◆ **The records**:
Content starts

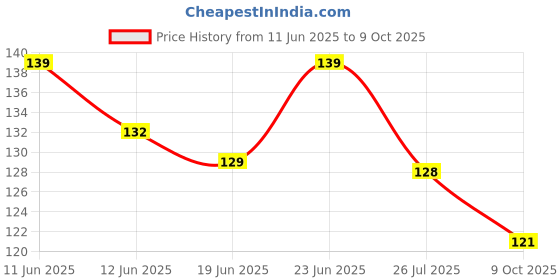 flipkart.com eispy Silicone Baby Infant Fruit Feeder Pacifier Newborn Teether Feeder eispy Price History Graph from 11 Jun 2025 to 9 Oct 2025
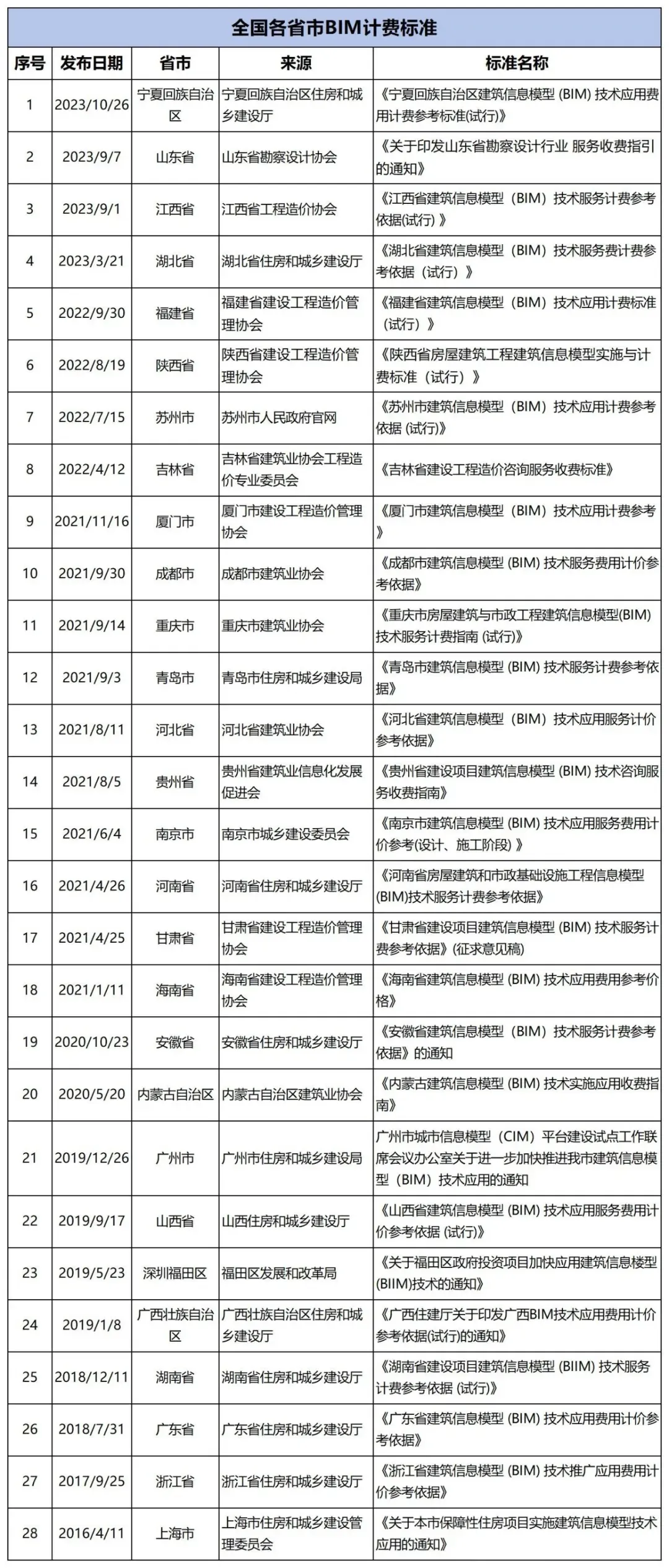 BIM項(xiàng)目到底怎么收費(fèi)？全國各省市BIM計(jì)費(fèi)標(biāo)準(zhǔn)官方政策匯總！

Content ends
Content starts

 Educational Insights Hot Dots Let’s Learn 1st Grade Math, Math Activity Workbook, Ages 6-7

Content ends

◆ **Task directions**: Treat the line with "flipkart.com eispy Silicone" as the start and the line with "BIM項(xiàng)目到底" as the end, and return exactly that span of the data above, both ends included, without pictures.

◆ **Answer to the exercise**:
 flipkart.com eispy Silicone Baby Infant Fruit Feeder Pacifier Newborn Teether Feeder eispy Price History Graph from 11 Jun 2025 to 9 Oct 2025
 BIM項(xiàng)目到底怎么收費(fèi)？全國各省市BIM計(jì)費(fèi)標(biāo)準(zhǔn)官方政策匯總！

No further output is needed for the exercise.